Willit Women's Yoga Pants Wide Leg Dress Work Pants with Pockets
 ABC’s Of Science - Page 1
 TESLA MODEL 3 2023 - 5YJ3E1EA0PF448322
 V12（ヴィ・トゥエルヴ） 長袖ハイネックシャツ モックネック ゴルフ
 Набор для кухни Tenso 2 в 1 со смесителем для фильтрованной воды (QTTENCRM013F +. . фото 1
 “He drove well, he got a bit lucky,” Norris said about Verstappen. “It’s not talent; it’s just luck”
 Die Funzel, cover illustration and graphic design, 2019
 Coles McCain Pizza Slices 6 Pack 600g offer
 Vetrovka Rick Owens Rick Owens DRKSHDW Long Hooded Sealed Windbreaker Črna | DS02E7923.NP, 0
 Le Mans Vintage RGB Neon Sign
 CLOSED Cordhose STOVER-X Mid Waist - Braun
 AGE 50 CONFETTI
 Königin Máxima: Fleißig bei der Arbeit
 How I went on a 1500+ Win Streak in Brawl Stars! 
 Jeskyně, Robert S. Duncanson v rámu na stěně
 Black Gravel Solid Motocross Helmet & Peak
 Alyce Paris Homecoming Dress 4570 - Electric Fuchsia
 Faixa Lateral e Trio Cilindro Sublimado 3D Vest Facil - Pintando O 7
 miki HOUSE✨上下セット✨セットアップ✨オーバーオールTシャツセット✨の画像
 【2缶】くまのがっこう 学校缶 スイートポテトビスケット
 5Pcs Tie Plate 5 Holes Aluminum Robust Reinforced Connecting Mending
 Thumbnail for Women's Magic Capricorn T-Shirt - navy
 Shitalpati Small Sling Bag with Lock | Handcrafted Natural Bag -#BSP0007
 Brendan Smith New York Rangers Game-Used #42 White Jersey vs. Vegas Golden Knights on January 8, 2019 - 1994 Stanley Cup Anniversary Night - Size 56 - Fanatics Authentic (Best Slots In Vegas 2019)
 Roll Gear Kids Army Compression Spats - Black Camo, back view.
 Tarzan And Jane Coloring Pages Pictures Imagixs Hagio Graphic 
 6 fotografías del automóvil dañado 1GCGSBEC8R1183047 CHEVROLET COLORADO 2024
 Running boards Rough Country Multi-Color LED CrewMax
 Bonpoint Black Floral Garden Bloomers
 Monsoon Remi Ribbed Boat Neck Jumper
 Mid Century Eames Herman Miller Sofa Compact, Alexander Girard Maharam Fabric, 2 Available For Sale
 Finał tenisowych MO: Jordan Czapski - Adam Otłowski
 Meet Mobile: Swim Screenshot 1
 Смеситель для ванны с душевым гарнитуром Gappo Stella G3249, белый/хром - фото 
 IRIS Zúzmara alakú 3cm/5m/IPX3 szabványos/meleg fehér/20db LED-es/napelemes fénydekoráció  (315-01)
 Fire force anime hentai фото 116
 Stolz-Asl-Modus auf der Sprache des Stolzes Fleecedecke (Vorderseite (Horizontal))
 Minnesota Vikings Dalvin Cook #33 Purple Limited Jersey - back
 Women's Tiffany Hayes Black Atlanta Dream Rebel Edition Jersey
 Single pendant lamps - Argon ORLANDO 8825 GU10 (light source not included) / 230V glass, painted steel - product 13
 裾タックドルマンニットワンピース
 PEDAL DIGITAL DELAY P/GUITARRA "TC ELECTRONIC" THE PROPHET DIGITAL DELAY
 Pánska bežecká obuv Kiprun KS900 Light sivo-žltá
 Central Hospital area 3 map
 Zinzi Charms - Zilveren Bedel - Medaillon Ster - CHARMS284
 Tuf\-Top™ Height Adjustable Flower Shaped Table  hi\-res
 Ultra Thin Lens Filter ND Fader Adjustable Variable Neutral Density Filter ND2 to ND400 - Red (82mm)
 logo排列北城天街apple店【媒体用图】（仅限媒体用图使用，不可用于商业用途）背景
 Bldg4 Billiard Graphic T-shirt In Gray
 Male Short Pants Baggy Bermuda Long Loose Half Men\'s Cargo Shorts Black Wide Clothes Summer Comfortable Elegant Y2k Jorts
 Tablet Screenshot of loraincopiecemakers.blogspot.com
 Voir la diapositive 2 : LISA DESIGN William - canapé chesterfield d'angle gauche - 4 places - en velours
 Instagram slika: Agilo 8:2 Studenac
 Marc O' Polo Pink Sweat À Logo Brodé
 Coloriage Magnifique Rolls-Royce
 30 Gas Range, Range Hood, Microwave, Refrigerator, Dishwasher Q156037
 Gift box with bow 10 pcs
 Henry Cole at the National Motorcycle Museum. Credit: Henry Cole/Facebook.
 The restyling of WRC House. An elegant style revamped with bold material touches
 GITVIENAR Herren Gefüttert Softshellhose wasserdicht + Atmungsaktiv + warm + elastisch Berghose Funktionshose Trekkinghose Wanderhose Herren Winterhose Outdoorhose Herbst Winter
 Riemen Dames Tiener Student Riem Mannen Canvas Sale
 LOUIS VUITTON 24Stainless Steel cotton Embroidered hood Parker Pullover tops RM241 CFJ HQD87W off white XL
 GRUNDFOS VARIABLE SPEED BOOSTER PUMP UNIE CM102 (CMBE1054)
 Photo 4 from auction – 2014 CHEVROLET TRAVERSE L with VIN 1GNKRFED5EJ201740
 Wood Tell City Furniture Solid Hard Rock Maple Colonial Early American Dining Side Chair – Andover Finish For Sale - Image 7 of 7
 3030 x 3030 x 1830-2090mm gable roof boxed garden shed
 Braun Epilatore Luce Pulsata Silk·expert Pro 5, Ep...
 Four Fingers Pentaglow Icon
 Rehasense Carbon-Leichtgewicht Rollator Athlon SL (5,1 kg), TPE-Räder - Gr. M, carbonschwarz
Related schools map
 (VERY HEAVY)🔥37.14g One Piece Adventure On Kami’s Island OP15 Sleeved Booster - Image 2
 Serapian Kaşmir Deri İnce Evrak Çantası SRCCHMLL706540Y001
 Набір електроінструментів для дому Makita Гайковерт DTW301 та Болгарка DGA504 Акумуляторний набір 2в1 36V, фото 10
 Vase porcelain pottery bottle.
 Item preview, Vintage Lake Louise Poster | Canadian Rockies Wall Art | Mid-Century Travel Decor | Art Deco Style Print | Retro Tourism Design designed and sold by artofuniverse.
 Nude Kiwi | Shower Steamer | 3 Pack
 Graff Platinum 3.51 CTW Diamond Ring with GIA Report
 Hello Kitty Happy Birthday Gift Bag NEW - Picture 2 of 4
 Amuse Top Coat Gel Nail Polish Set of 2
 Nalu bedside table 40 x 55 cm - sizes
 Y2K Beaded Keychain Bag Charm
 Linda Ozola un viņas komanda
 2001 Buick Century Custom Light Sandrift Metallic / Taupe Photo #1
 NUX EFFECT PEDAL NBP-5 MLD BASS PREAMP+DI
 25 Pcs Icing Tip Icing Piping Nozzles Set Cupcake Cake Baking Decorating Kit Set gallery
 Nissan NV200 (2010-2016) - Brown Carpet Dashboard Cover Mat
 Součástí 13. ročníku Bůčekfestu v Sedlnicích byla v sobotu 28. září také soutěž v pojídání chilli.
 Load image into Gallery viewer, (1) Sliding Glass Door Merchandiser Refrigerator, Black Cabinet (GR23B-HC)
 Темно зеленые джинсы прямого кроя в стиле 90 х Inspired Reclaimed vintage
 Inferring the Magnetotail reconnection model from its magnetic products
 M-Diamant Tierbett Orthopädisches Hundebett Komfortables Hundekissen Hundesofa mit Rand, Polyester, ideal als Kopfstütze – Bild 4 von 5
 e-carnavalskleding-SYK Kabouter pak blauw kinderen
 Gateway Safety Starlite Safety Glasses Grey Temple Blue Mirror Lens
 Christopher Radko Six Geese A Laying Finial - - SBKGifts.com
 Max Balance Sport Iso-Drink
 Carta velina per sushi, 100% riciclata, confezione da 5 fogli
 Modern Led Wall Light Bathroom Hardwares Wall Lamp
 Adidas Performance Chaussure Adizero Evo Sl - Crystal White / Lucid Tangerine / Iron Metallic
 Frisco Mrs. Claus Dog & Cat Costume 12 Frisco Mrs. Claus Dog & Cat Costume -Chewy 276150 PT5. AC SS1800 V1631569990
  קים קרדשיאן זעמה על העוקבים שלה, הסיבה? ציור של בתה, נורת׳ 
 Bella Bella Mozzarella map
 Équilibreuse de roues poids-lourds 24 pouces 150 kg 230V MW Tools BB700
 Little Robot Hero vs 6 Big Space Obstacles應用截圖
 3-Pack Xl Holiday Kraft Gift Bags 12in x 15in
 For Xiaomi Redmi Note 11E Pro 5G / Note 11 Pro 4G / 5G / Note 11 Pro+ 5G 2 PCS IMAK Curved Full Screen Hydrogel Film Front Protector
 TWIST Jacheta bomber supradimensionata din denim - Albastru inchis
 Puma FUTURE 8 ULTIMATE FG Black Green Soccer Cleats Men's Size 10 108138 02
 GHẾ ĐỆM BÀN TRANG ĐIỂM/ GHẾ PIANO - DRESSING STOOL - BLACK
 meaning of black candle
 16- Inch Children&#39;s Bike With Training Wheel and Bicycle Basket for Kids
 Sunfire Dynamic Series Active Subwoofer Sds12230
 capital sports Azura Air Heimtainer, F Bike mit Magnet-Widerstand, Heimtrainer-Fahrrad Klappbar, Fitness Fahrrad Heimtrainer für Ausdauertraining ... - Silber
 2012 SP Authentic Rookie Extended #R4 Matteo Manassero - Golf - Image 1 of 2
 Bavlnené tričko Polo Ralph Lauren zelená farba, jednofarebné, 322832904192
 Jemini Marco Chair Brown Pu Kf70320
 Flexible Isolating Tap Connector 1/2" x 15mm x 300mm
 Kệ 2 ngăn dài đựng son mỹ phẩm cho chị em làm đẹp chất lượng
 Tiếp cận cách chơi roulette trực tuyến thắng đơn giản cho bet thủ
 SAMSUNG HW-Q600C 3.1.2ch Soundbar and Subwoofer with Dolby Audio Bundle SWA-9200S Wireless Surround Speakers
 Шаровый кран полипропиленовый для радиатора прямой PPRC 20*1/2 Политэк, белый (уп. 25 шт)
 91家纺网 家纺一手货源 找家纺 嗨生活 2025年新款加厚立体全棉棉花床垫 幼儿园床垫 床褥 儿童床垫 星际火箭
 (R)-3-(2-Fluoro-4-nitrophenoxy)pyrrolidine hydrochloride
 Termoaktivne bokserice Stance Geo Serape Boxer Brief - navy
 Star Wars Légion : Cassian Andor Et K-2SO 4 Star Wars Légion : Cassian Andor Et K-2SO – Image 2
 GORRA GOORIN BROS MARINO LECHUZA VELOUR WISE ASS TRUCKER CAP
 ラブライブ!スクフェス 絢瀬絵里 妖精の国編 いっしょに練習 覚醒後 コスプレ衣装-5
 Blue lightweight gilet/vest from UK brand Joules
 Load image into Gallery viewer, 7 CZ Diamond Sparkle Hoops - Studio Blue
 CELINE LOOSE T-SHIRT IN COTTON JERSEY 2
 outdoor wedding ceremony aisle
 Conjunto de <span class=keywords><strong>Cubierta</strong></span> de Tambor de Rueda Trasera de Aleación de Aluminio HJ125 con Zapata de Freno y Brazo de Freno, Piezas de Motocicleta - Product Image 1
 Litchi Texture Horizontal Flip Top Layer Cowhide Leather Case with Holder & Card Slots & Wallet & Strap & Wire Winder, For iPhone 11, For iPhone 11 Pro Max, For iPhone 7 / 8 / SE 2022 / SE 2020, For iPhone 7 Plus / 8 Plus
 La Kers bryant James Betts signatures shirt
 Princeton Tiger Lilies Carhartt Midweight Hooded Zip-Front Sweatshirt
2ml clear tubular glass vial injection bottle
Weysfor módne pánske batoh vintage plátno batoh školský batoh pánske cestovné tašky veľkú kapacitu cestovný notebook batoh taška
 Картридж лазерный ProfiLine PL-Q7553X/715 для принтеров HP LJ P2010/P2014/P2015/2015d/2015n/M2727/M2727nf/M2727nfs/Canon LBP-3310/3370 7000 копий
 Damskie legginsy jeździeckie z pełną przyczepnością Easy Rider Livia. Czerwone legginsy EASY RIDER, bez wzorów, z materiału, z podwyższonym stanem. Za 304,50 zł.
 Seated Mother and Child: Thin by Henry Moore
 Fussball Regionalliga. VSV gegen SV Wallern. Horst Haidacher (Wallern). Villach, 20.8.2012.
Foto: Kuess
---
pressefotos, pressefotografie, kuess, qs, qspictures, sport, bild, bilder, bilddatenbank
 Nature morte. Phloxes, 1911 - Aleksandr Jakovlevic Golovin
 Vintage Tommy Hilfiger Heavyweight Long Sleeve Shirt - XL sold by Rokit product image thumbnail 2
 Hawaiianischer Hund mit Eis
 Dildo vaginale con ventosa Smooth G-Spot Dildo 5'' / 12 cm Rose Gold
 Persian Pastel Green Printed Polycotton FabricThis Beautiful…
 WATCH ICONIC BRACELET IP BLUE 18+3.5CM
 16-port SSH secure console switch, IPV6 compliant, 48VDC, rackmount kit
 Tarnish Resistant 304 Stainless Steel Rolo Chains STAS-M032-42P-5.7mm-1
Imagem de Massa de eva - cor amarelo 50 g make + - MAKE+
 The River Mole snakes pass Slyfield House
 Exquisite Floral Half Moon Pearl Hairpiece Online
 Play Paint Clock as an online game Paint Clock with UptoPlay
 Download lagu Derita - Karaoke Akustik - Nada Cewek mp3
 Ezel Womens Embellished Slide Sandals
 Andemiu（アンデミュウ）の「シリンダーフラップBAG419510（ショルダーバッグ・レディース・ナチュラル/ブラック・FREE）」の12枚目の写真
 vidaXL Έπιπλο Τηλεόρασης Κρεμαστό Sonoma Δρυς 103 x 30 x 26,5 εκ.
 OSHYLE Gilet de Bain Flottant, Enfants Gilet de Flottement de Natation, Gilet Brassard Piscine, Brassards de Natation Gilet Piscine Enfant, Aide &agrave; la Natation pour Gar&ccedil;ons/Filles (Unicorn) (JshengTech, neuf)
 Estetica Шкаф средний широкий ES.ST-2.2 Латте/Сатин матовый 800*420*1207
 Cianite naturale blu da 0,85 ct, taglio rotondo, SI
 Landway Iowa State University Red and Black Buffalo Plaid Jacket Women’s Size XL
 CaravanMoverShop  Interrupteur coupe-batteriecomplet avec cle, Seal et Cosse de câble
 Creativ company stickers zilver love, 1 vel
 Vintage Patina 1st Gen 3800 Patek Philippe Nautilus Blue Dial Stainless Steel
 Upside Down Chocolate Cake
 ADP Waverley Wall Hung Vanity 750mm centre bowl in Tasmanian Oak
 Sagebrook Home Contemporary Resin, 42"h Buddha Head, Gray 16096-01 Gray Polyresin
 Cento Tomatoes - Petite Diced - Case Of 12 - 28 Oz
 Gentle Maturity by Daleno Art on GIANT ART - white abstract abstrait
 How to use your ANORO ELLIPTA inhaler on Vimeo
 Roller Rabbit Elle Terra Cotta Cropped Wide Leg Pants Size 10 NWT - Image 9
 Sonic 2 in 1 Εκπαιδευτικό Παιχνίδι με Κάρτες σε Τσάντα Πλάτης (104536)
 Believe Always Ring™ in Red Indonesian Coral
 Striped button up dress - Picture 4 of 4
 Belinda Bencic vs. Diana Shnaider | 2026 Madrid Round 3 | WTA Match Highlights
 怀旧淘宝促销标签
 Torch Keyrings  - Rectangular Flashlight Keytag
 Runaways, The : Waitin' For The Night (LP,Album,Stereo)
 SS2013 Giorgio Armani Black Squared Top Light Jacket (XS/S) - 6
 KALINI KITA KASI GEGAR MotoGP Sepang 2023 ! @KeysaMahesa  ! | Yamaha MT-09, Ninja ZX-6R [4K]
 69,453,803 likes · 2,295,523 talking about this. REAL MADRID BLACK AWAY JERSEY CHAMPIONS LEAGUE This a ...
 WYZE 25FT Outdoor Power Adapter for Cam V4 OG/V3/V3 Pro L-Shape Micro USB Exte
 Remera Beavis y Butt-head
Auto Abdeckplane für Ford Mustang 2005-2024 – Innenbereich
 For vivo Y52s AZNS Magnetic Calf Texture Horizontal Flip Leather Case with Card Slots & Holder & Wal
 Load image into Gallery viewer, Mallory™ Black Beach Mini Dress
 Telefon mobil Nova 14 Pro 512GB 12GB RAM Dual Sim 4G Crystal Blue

====

▸ **WORK ITEM**:
Please copy, exactly as written, every line in the listing above from the line with "Braun Epilatore Luce" up to and including the line with "Y2K Beaded Keychain Bag Charm".

▸ **EXERCISE RESPONSE**:
 Braun Epilatore Luce Pulsata Silk·expert Pro 5, Ep...
 Four Fingers Pentaglow Icon
 Rehasense Carbon-Leichtgewicht Rollator Athlon SL (5,1 kg), TPE-Räder - Gr. M, carbonschwarz
Related schools map
 (VERY HEAVY)🔥37.14g One Piece Adventure On Kami’s Island OP15 Sleeved Booster - Image 2
 Serapian Kaşmir Deri İnce Evrak Çantası SRCCHMLL706540Y001
 Набір електроінструментів для дому Makita Гайковерт DTW301 та Болгарка DGA504 Акумуляторний набір 2в1 36V, фото 10
 Vase porcelain pottery bottle.
 Item preview, Vintage Lake Louise Poster | Canadian Rockies Wall Art | Mid-Century Travel Decor | Art Deco Style Print | Retro Tourism Design designed and sold by artofuniverse.
 Nude Kiwi | Shower Steamer | 3 Pack
 Graff Platinum 3.51 CTW Diamond Ring with GIA Report
 Hello Kitty Happy Birthday Gift Bag NEW - Picture 2 of 4
 Amuse Top Coat Gel Nail Polish Set of 2
 Nalu bedside table 40 x 55 cm - sizes
 Y2K Beaded Keychain Bag Charm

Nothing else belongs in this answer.